#### Prompt:
Everything from the line containing "toyota hiace-van 2015" through the line containing "Queen Bee Raw" in the listing below should be copied exactly, and nothing more.

══ Data for this task ══

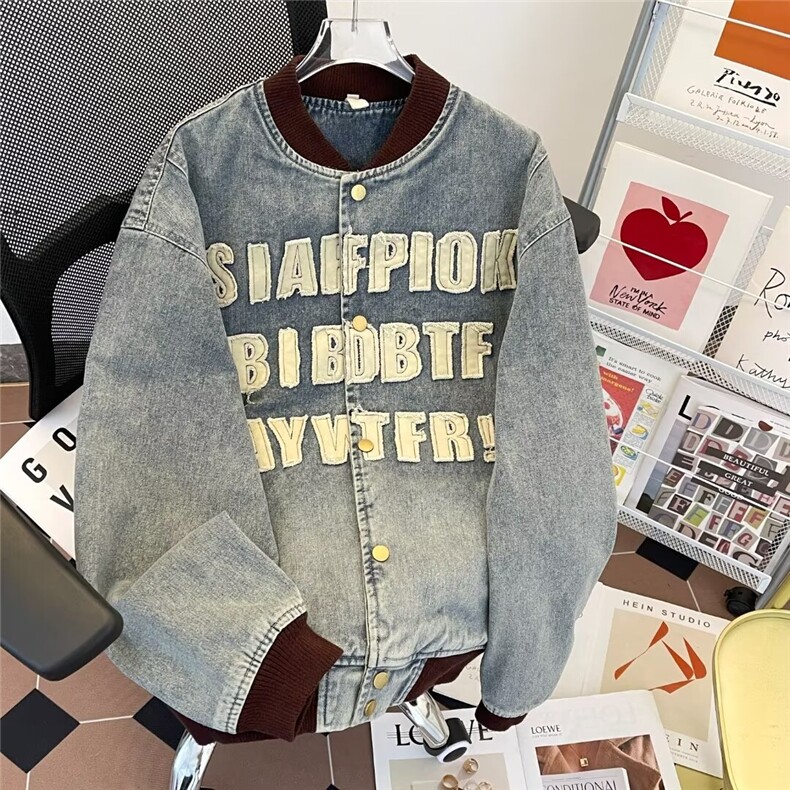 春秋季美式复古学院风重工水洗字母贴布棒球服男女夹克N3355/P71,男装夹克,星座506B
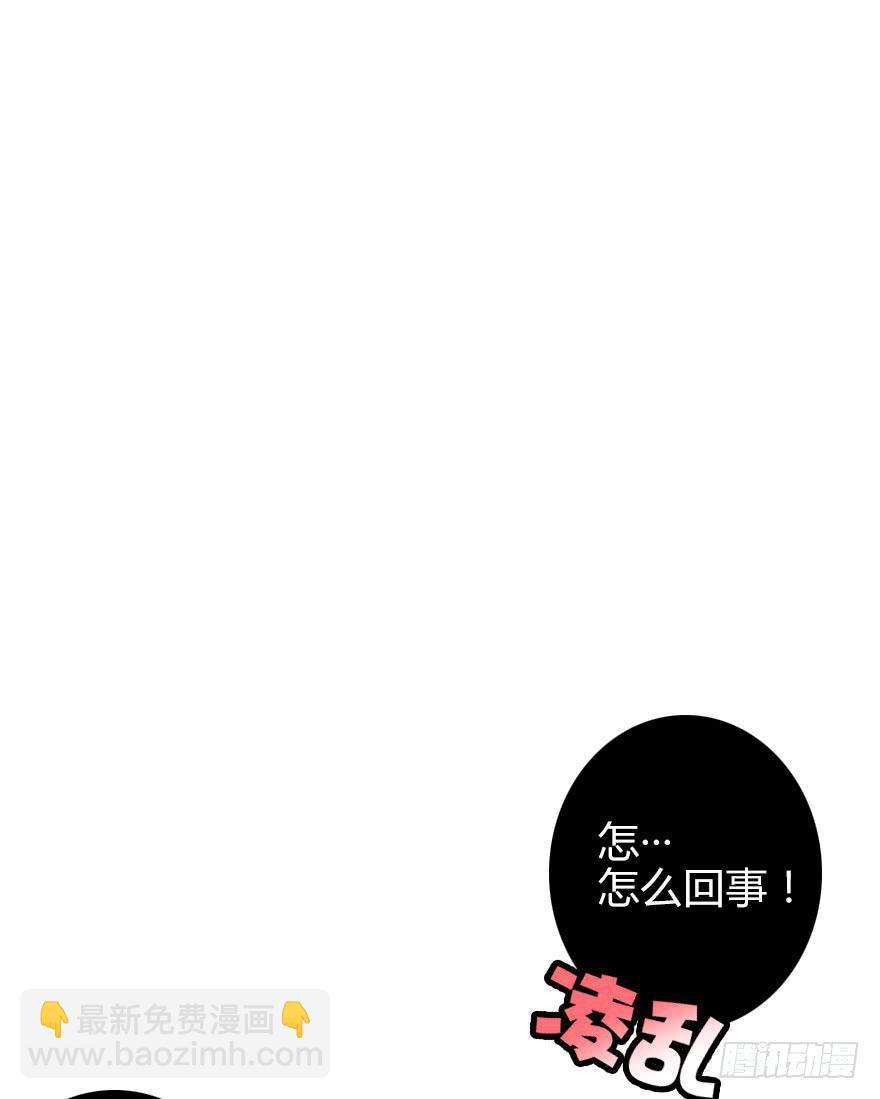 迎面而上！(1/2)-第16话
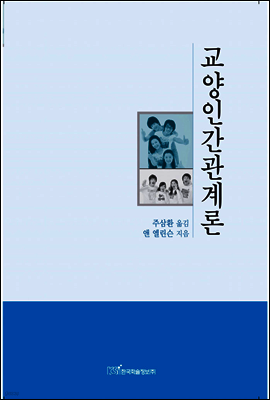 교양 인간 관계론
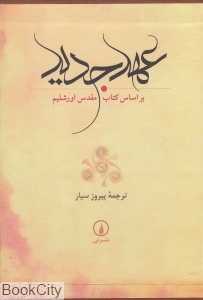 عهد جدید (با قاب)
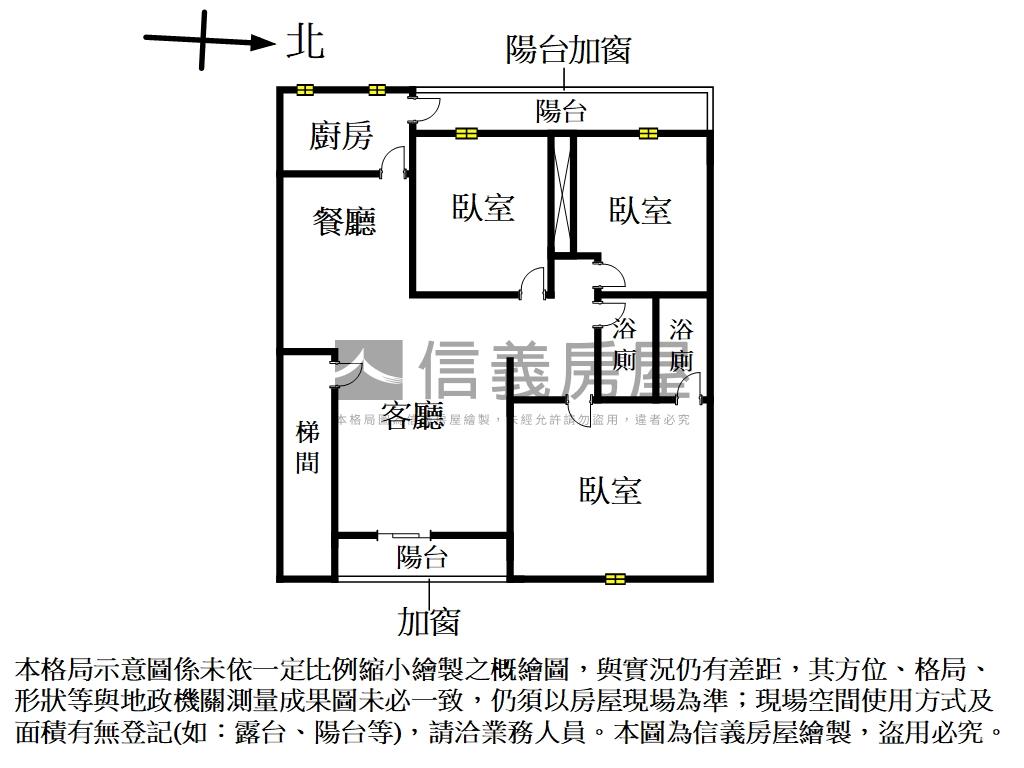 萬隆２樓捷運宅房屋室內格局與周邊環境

═══
══ Data for this task ══

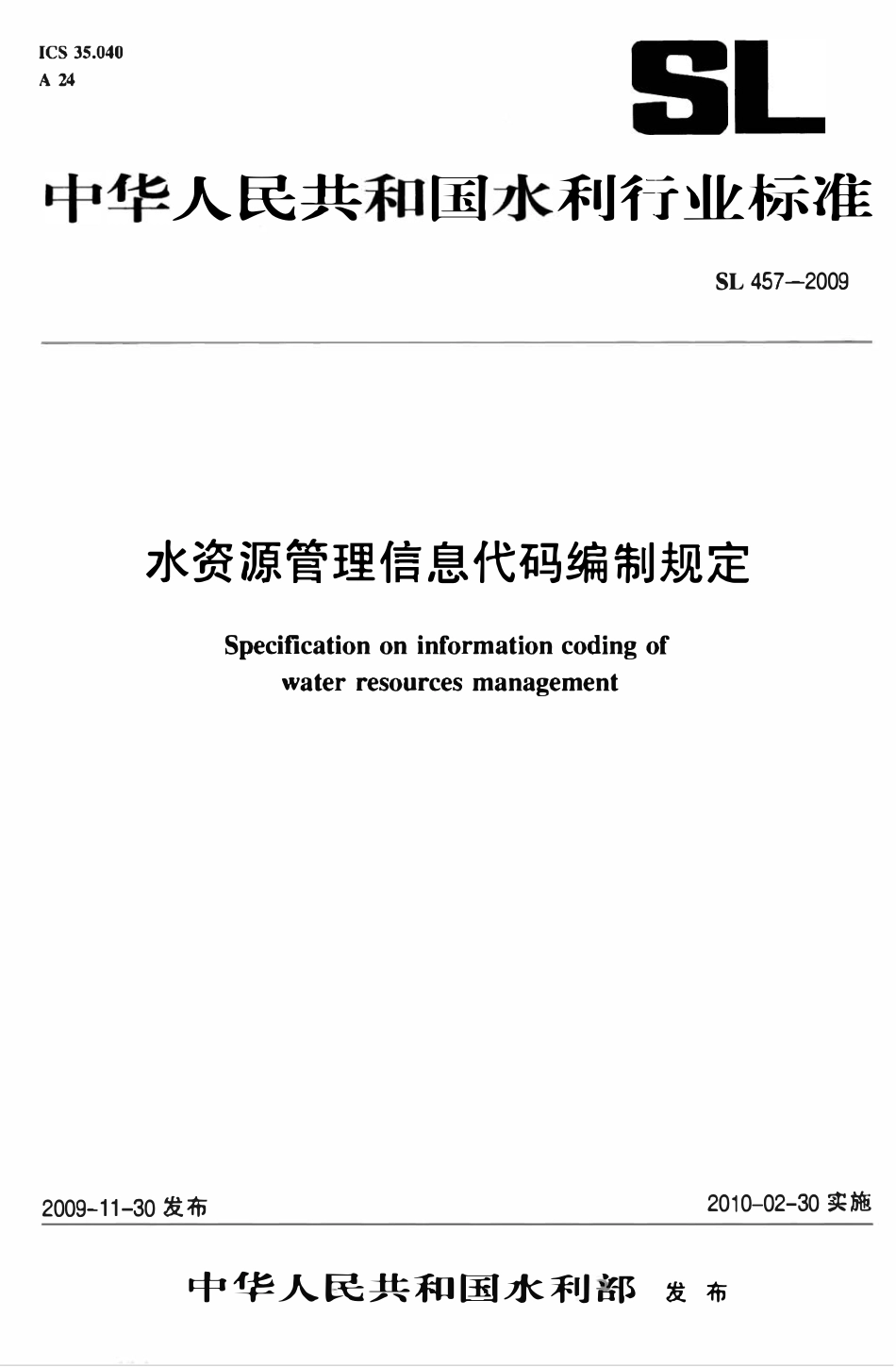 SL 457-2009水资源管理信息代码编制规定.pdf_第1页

═══
══ Data for this task ══

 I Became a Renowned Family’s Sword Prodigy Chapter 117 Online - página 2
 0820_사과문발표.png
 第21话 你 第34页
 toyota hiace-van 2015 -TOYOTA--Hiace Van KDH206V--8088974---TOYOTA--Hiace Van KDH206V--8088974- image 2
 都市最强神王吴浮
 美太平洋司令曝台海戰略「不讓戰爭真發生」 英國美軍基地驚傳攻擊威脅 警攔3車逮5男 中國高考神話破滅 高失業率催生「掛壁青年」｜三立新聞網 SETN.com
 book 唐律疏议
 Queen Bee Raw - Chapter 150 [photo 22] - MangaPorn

═══

#### Exercise output:
 toyota hiace-van 2015 -TOYOTA--Hiace Van KDH206V--8088974---TOYOTA--Hiace Van KDH206V--8088974- image 2
 都市最强神王吴浮
 美太平洋司令曝台海戰略「不讓戰爭真發生」 英國美軍基地驚傳攻擊威脅 警攔3車逮5男 中國高考神話破滅 高失業率催生「掛壁青年」｜三立新聞網 SETN.com
 book 唐律疏议
 Queen Bee Raw - Chapter 150 [photo 22] - MangaPorn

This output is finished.